***** EXCERPTED RECORDS

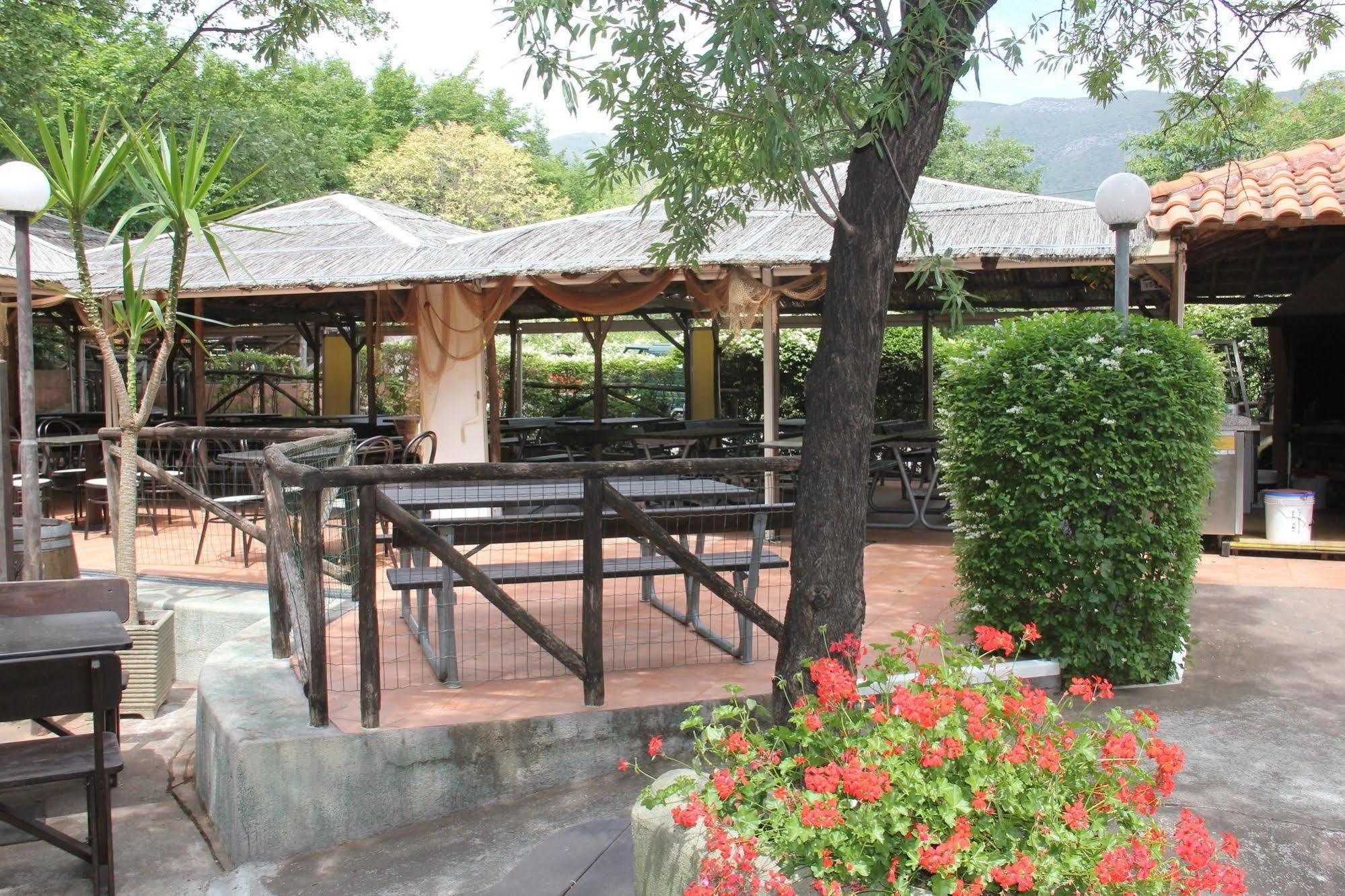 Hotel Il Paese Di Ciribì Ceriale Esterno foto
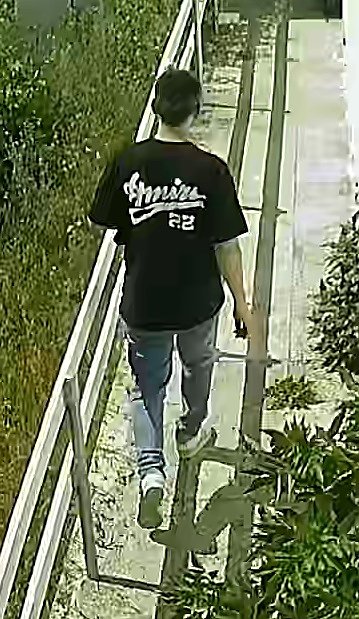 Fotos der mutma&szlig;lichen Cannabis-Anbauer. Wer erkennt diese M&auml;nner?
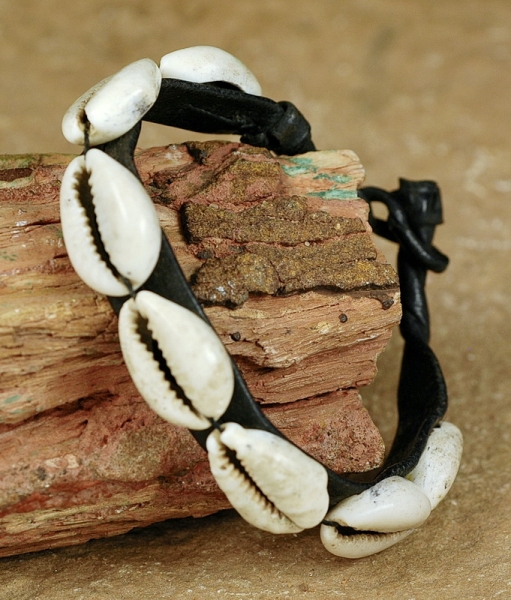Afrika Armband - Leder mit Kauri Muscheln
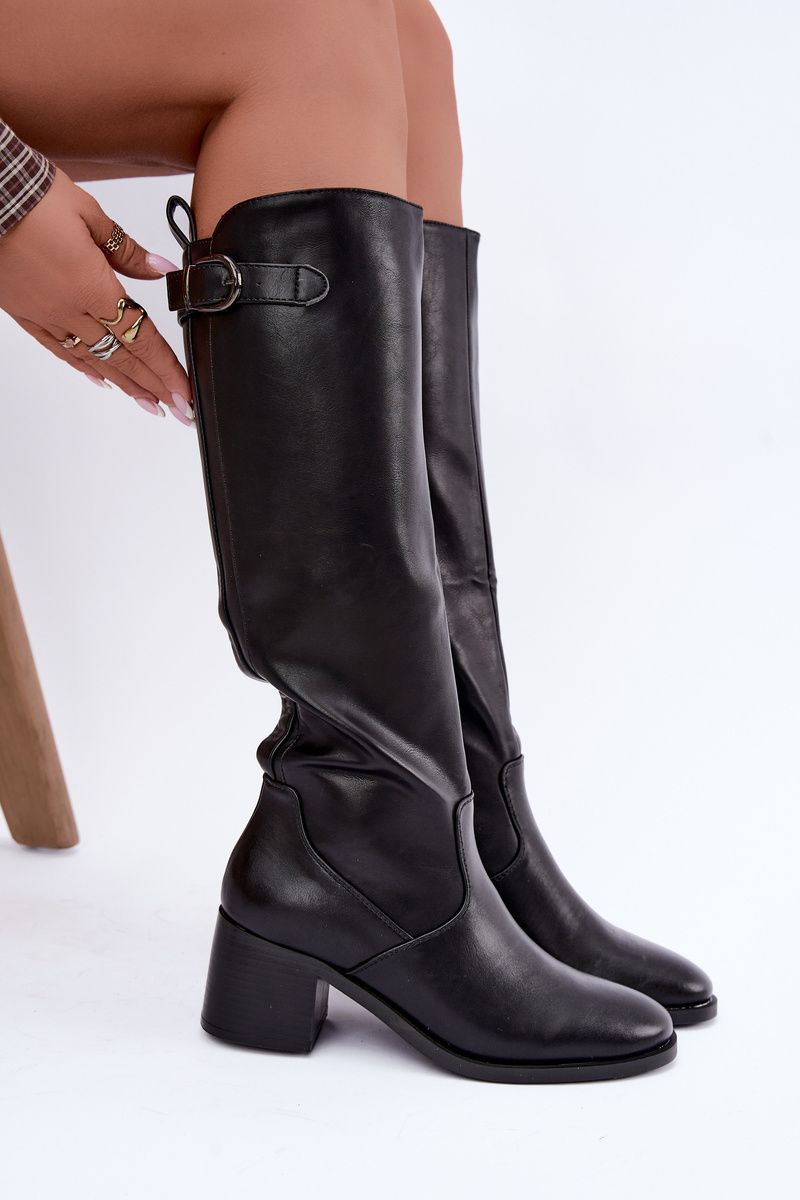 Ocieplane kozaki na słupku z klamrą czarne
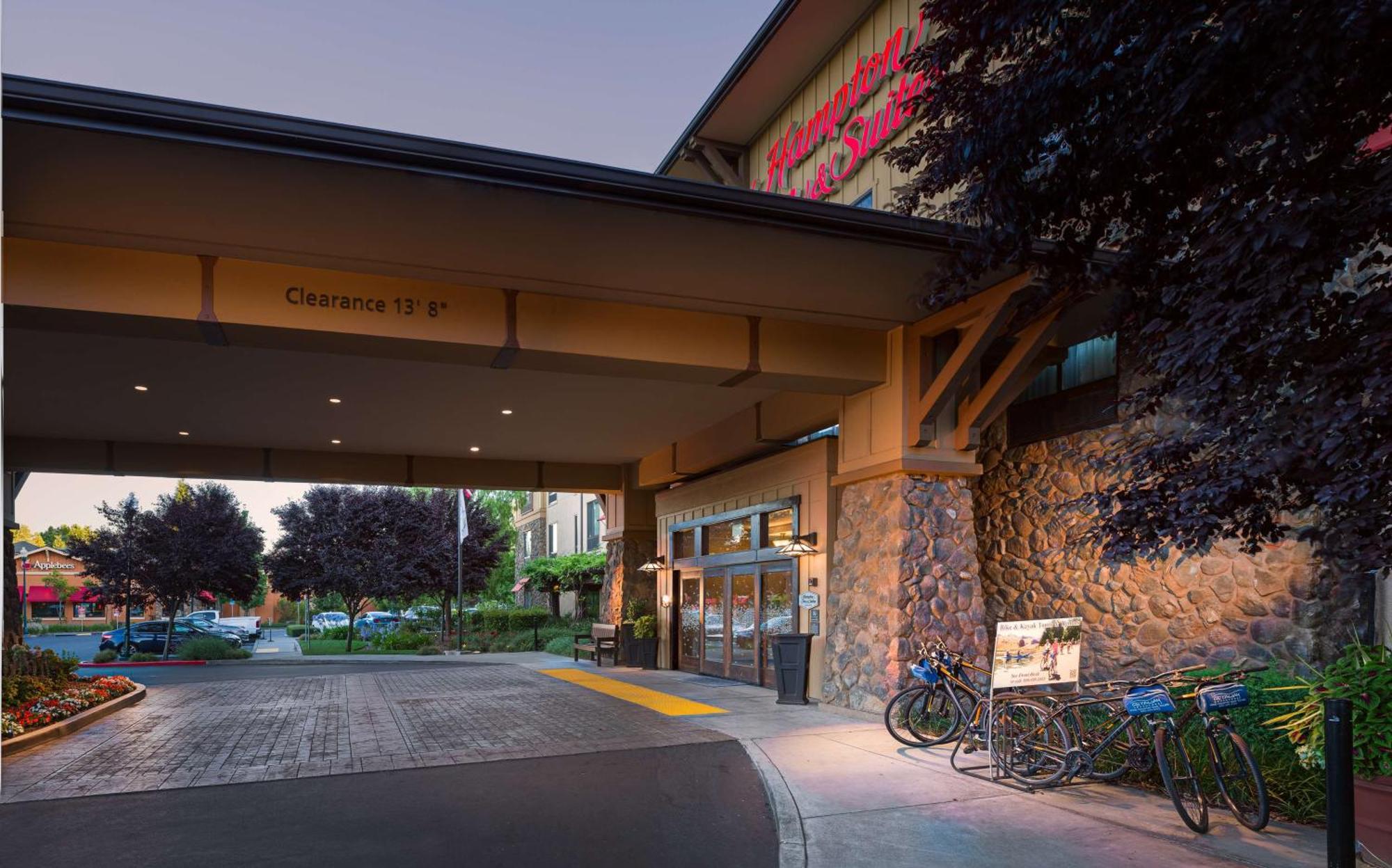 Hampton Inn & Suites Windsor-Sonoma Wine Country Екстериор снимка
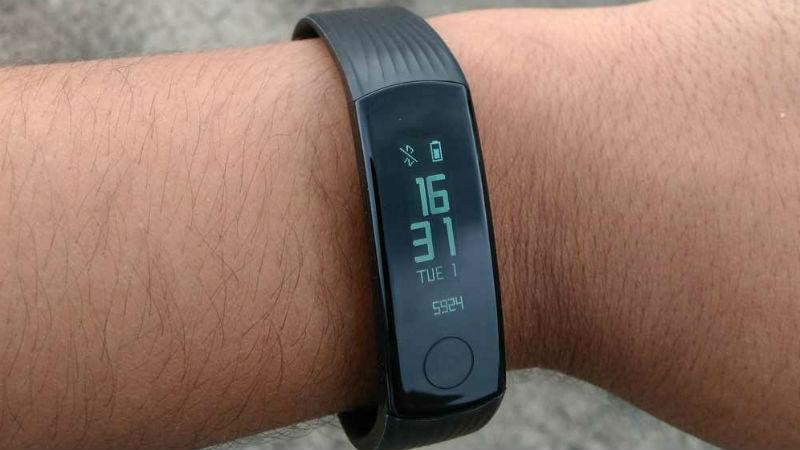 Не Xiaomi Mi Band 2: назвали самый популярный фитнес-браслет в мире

**********
***** EXCERPTED RECORDS

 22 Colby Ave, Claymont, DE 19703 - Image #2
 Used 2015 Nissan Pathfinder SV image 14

**********
***** EXCERPTED RECORDS

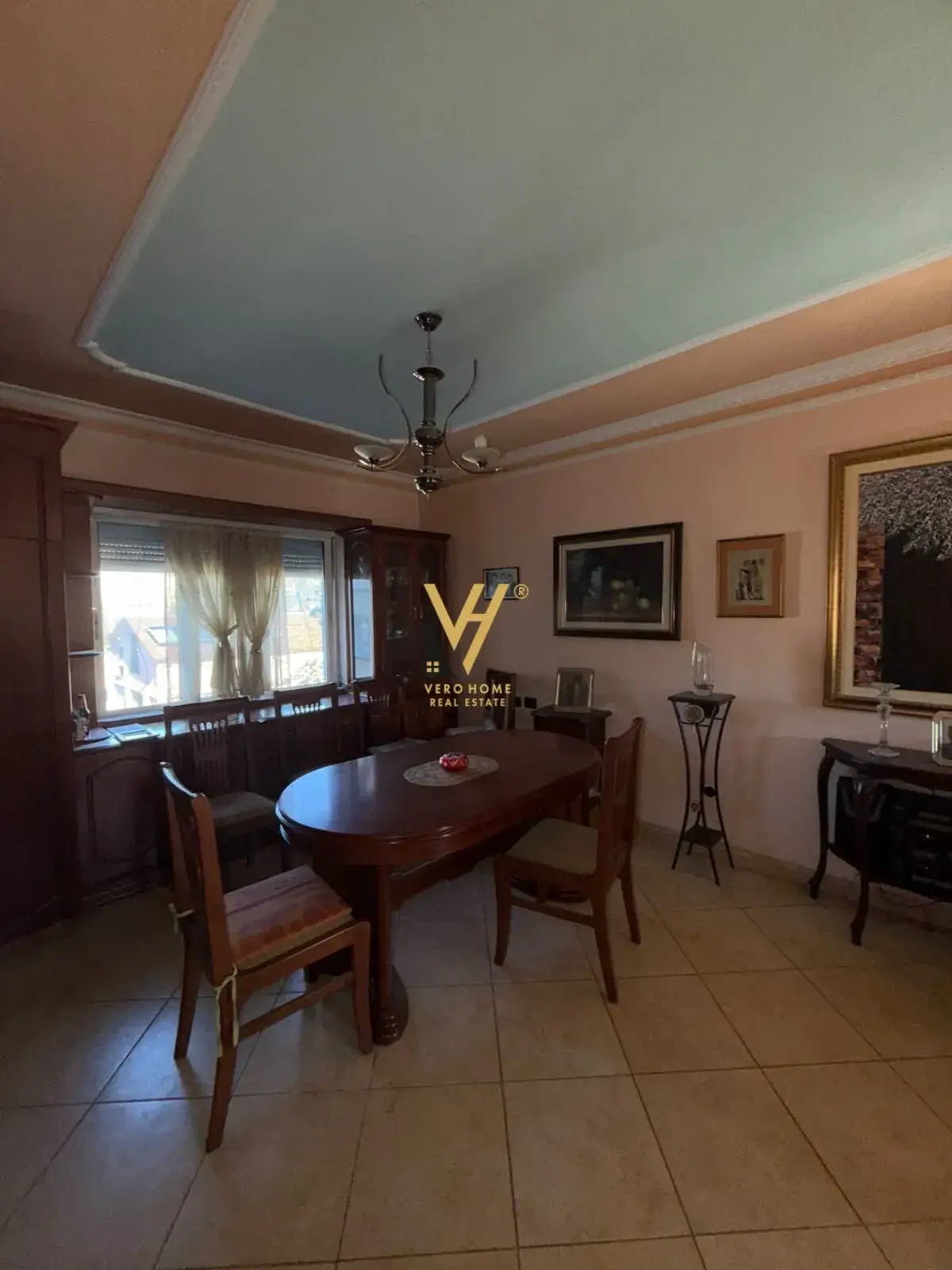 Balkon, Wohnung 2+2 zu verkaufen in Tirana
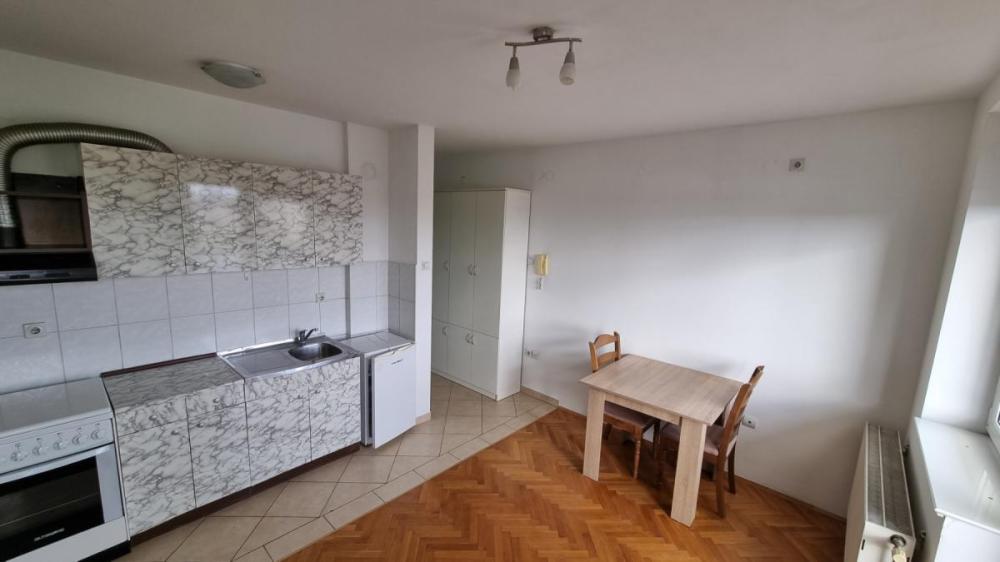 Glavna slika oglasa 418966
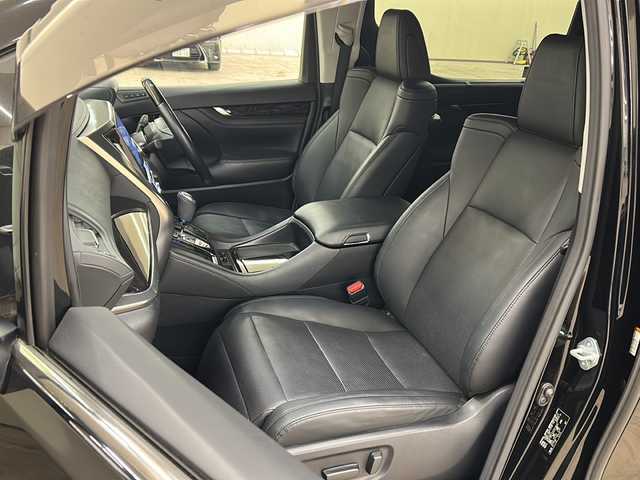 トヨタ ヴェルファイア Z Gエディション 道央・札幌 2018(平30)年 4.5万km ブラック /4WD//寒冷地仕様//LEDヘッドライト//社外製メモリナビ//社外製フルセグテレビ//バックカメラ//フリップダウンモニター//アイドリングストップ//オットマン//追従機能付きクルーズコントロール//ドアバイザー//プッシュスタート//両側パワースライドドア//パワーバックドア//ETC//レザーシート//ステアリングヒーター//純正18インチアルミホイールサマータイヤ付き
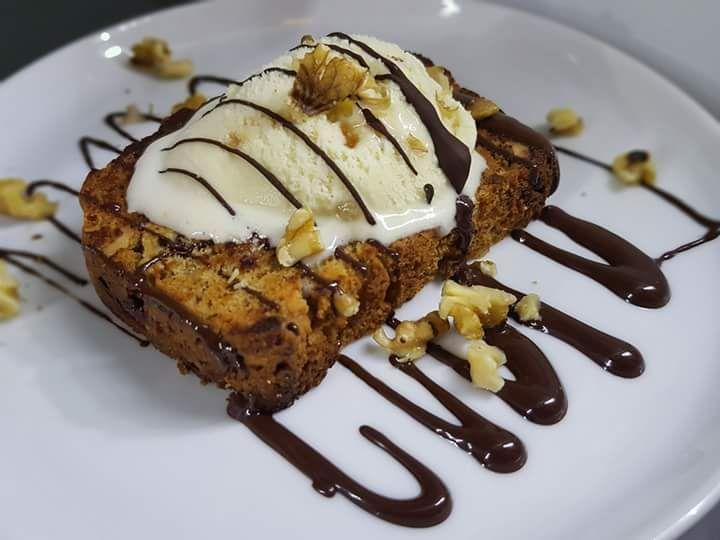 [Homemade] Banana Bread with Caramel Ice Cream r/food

**********

THE TASK ->
For this exercise, set down the lines in the entries above from the one with "Fotos der mutma&szlig;lichen" through the one with "Не Xiaomi Mi" exactly as written, without any pictures.

ANSWER TO THIS PROBLEM ->
 Fotos der mutma&szlig;lichen Cannabis-Anbauer. Wer erkennt diese M&auml;nner?
Afrika Armband - Leder mit Kauri Muscheln
 Ocieplane kozaki na słupku z klamrą czarne
 Hampton Inn & Suites Windsor-Sonoma Wine Country Екстериор снимка
 Не Xiaomi Mi Band 2: назвали самый популярный фитнес-браслет в мире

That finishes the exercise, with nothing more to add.